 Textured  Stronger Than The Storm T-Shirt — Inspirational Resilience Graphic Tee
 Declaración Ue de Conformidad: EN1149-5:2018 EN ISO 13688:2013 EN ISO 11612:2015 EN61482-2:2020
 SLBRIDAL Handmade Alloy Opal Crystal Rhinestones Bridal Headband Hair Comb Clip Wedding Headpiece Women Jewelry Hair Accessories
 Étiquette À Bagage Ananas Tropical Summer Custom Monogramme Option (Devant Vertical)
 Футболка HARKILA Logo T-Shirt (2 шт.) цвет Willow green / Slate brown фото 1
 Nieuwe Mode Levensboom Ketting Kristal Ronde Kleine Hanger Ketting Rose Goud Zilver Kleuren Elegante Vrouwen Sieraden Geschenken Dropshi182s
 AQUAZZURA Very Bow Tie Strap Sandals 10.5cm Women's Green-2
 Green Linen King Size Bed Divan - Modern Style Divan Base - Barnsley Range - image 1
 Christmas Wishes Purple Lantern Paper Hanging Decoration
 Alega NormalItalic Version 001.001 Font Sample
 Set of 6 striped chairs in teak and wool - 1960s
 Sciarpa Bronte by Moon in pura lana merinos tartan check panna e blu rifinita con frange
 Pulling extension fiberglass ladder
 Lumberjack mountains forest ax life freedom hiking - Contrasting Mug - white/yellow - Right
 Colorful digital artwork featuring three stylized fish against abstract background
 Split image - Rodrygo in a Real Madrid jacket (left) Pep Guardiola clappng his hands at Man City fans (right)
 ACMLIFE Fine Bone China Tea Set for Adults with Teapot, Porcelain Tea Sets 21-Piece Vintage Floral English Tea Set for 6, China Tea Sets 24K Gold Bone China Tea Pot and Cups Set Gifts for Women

————

_What you will do_.
Search the listing above for the string "Women" and copy each line that has it.

_Answer to this exercise_.
 SLBRIDAL Handmade Alloy Opal Crystal Rhinestones Bridal Headband Hair Comb Clip Wedding Headpiece Women Jewelry Hair Accessories
 AQUAZZURA Very Bow Tie Strap Sandals 10.5cm Women's Green-2
 ACMLIFE Fine Bone China Tea Set for Adults with Teapot, Porcelain Tea Sets 21-Piece Vintage Floral English Tea Set for 6, China Tea Sets 24K Gold Bone China Tea Pot and Cups Set Gifts for Women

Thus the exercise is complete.